Noi, pur fedeli alla causa del Re Francesco (Dio guardi) oggi Servo di Dio e della Regina Sofia, onoriamo questi eroi giovinetti che avevano capito che con il refrendum truffa e la repubblica si sarebbe aperta una nuova era: l’era di Caino.

Pucci Cipriani

La strage di via Medina è uno degli episodi più cupi e sottaciuti della storia repubblicana. Tra il sei ed il dieci giugno del 1946, manifestanti monarchici affollarono le strade di Napoli. Si svilupparono numerosi cortei spontanei che sfilarono più volte al giorno in un clima surriscaldato da provocazioni e false voci. I dimostranti, donne, anziani e giovani, portavano con sé ritratti di Umberto II e tricolori con lo stemma sabaudo. Contestavano l’esito referendario col quale l’Italia era divenuta una repubblica sotto il peso dell’onta di brogli.

Monarchici napoletani nei primi di giugno del 1946. Fonte foto dalla rete.

Il confronto che nacque con i repubblicani per le strade della città fu molto acceso e scoppiarono gravi incidenti. Già il sei giugno una folla, in un moto autorganizzato, si ritrovò a Villa Rosebery per impedire la partenza, in realtà già avvenuta alle prime ore del mattino, della Regina Maria José e dei suoi figli per il Portogallo, ma fu nei giorni successivi che si svilupparono cruenti scontri con i sostenitori della repubblica in cui si registrarono feriti, arresti e morti. La sera del 7 giugno una bomba lanciata su un gruppo di giovani monarchici ferì Ciro Martino che morì poi nei giorni successivi in ospedale; il giorno dopo, in uno scontro con ausiliari di pubblica sicurezza, morì pure il quattordicenne Carlo Russo sotto i colpi di una raffica di mitra; una escalation di violenze portò alla morte, l’otto giugno, in nuovi scontri, del sedicenne Gaetano d’Alessandro che ritornava dalle esequie di Russo.

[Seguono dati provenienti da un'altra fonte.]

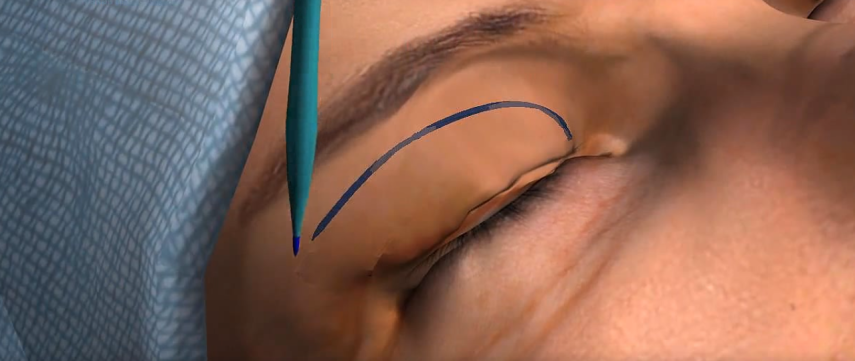 Na sala de cirurgia: o corte pode ser feito por dentro da conjuntiva dos olhos, quando não fica cicatriz aparente, ou rente aos cílios, tudo depende das necessidades do paciente, segundo explicou o cirurgião Rodrigo Rosique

Scatti degli scontri che coinvolsero i manifestanti monarchici a Napoli. Fonte foto G. Bocca, Storia della Repubblica Italiana

La sera dell’undici, con i risultati ufficiali del Referendum ancora da proclamare, in Via Medina, un corteo cinse d’assedio i locali della federazione cittadina del PCI che esponevano una bandiera tricolore priva dello scudo sabaudo. Nella battaglia che si accese con le forze dell’ordine, si eressero barricate, si spararono colpi di fucile e tram vennero rovesciati. Nei tumulti oltre sessanta persone risultarono ferite e si registrarono ben sette morti. Tra di essi c’era la studentessa Ida Cavalieri che, avvolta con un tricolore sabaudo, era stata investita da un’autoblindo, gli altri caduti furono Vincenzo Di Guida di venti anni, Michele Pappalardo di ventidue, Francesco D’Azzo di ventuno anni, Guido Beninato, Felice Chirico e Mario Fioretti di ventuno anni. Quest’ultimo, secondo i testimoni, arrampicatosi sui tubi delle grondaie fino al secondo piano dell’edificio, fu ammazzato da colpi d’arma da fuoco partiti direttamente dal balcone della sede del PCI (G. Oliva, Gli ultimi giorni della monarchia).

In quei giorni Napoli, sui giornali d’Italia, si fregiò dell’appellativo di “città più monarchica”. Al referendum, in linea con tutto il Sud della Penisola, diede l’83% dei voti alla Monarchia e, col voto, donò anche queste giovani vite che bagnarono di sangue il sorgere della Repubblica.